At the Day Labor Center in Centreville, Virginia, Felix Ceto from Guatemala is waiting for a day job. At 34, Felix has been living in America for seven years, and can only speak very limited English.
“Well, most of the people from my country are here because we want to support our families; to contribute for food, clothing, education, let's say... anything that the family needs,” said Ceto.
He uses social media to communicate with his parents, wife, and two children.
“The plan that I have is to go back, because every day I miss my family more and more,” he said.
Molly Maddra-Santiago heads the Centreville Day Labor Center, which strives to protect day laborers, many of whom are vulnerable because of they are undocumented.

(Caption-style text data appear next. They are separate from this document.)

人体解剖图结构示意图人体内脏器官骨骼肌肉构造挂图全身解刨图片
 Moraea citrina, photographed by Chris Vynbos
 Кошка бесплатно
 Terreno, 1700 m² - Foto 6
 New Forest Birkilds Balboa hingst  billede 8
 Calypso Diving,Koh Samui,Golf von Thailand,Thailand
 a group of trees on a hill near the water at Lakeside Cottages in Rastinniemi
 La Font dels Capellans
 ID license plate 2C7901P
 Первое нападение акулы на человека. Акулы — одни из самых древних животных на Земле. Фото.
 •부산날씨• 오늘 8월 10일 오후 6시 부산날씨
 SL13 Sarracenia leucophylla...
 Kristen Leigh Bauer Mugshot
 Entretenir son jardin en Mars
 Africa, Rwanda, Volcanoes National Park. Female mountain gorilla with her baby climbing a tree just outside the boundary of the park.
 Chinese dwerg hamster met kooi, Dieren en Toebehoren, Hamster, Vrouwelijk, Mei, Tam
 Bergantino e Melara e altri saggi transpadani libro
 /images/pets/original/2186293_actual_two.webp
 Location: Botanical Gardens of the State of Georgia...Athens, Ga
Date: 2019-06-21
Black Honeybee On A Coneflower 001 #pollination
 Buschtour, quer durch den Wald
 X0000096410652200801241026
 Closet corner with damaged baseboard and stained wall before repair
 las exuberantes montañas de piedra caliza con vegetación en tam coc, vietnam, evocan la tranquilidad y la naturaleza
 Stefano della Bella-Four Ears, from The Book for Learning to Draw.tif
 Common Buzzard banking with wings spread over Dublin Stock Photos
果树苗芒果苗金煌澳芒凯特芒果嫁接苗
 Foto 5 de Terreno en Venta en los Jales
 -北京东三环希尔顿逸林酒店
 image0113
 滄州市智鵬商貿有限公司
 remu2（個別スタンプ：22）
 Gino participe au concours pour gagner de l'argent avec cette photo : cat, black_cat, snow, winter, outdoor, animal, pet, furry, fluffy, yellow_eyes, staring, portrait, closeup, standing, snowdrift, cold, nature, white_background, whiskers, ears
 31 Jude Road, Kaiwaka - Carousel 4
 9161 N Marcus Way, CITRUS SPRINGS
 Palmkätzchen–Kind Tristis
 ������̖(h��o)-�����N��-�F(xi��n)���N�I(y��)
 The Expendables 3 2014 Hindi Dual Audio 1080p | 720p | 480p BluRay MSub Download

“Because they are immigrants, they are easily exploited. We exist to make sure that doesn’t happen. Workers here are typically paid at least $12/hour for any job that they do,” she said.
Salvador Sarmiento, a representative of the National Day Labor Organizing Network, said there is a major issue of wage theft in the U.S., especially for day laborers. Yet even as undocumented immigrants, he said, they have the right to fair compensation.
“The law is very clear… [There are] constitutional protections for all workers, whether they are undocumented or are documented, whether they are immigrants or citizens,” said Sarmiento.
The staff at the Day Labor Center help establish profiles and match employers and day laborers. In addition to helping find work for those who want it, the Day Labor Center also provides free classes. English lessons and home renovation courses are the most popular.
Ceto and his friend were employed on a recent day by Austin Acocella, who needed help with leaf removal in his backyard.
“I thank God I got the opportunity to be in this country. Even though you suffer a lot when you come here, I'm thankful that we are fine here and as well. I thank very much the people that opened this center because it's very important for us,” said Ceto.
Ceto dreams that one day he can make enough money to go home and see his family.